Single Molecule Transistor based Nanopore for the detection of Nicotine

TL;DR

This paper proposes a novel nanopore-based detection method using a Single Molecular Transistor to identify Nicotine molecules electronically, offering a potential alternative to traditional chemical chromatography techniques.

Contribution

The study introduces a unique SMT nanopore approach that detects Nicotine via charge stability diagrams, enabling identification of molecular orientation and position electronically.

Findings

Charge stability diagrams can detect Nicotine presence.

Molecular orientation affects the charge stability regions.

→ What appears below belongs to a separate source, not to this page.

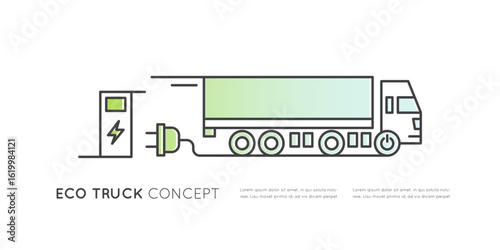 Minimal line icons electric cargo, charging stations, green mobility infrastructure, sustainable cargo logistics, eco transit, smart city transit, clean energy vehicles, zero emissions, CO2 neutral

Method offers a non-chemical detection alternative.

Abstract

A nanopore based detection methodology was proposed and investigated for the detection of Nicotine. This technique uses a Single Molecular Transistor (SMT) working as a nanopore operational in the Coulomb Blockade regime. When the Nicotine molecule is pulled through the nanopore area surrounded by the Source(S), Drain(D) and Gate electrodes, the charge stability diagram can detect the presence of the molecule and is unique for a specific molecular structure. Due to the weak coupling between the different electrodes which is set by the nanopore size, the molecular energy states stay almost unaffected by the electrostatic environment that can be realised from the charge stability diagram. Identification of different orientation and position of the Nicotine molecule within the nanopore area can be made from specific regions of overlap between different charge states on the stability diagram that could be used as an electronic fingerprint for detection. This method could be advantageous and useful to detect the presence of Nicotine in smoke which is usually performed using chemical chromatography techniques.